结论:max_bin=120时,auc最大

5.调试min_data_in_bin参数

grid_search <- expand.grid(

learning_rate = .2,

num_leaves = 300,

max_bin = 120,

min_data_in_bin = seq(20, 100, 5),

feature_fraction = .64,

min_sum_hessian = .004,

lambda_l1 = .002,

lambda_l2 = .008,

drop_rate = .3,

max_drop = 5

)

perf_min_data_in_bin_1 <- numeric(length = nrow(grid_search))

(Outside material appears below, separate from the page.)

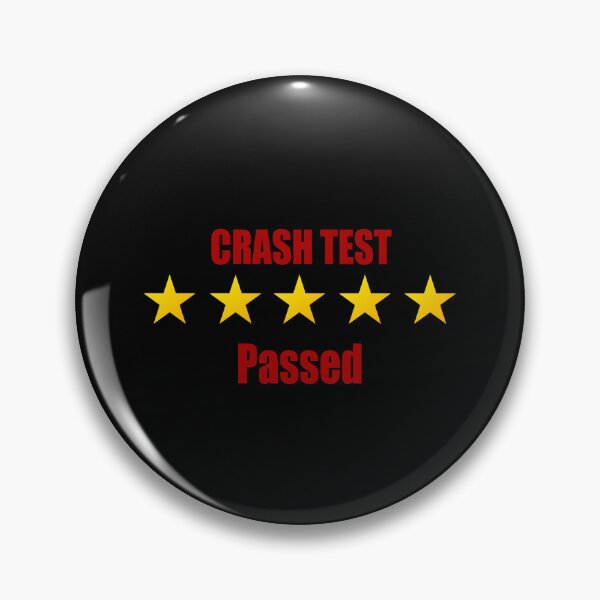 Item preview, Five stars to crash test picture designed and sold by Lacasadellora.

for(i in 1:nrow(grid_search)){

lgb_weight <- (lgb_tr$TARGET * 8 + 1) / sum(lgb_tr$TARGET * 8 + 1)

lgb_train <- lgb.Dataset(

data = data.matrix(lgb_tr[, 1:137]),

label = lgb_tr$TARGET,

free_raw_data = FALSE,

weight = lgb_weight

)

# 参数

params <- list(

objective = 'binary',

metric = 'auc',

learning_rate = grid_search[i, 'learning_rate'],

num_leaves = grid_search[i, 'num_leaves'],

max_bin = grid_search[i, 'max_bin'],

min_data_in_bin = grid_search[i, 'min_data_in_bin'],

feature_fraction = grid_search[i, 'feature_fraction'],

min_sum_hessian = grid_search[i, 'min_sum_hessian'],

lambda_l1 = grid_search[i, 'lambda_l1'],

lambda_l2 = grid_search[i, 'lambda_l2'],

drop_rate = grid_search[i, 'drop_rate'],

max_drop = grid_search[i, 'max_drop']

)

# 交叉验证

lgb_tr_mod <- lgb.cv(

params,

data = lgb_train,

nrounds = 300,

stratified = TRUE,

nfold = 10,

num_threads = 2,

early_stopping_rounds = 10

)

perf_min_data_in_bin_1[i] <- unlist(lgb_tr_mod$record_evals$valid$auc$eval)[length(unlist(lgb_tr_mod$record_evals$valid$auc$eval))]}

grid_search$perf <- perf_min_data_in_bin_1

ggplot(data = grid_search, aes(x = min_data_in_bin, y = perf)) +

geom_point() +

geom_smooth()

结论:min_data_in_bin=20时,auc最大

5.调试feature_fraction参数

grid_search <- expand.grid(

learning_rate = .2,

num_leaves = 300,

max_bin = 120,

min_data_in_bin = 20,

feature_fraction = .5,

min_sum_hessian = .004,

lambda_l1 = .002,

lambda_l2 = .008,

drop_rate = .3,

max_drop = 5)perf_feature_fraction_1 <- numeric(length = nrow(grid_search))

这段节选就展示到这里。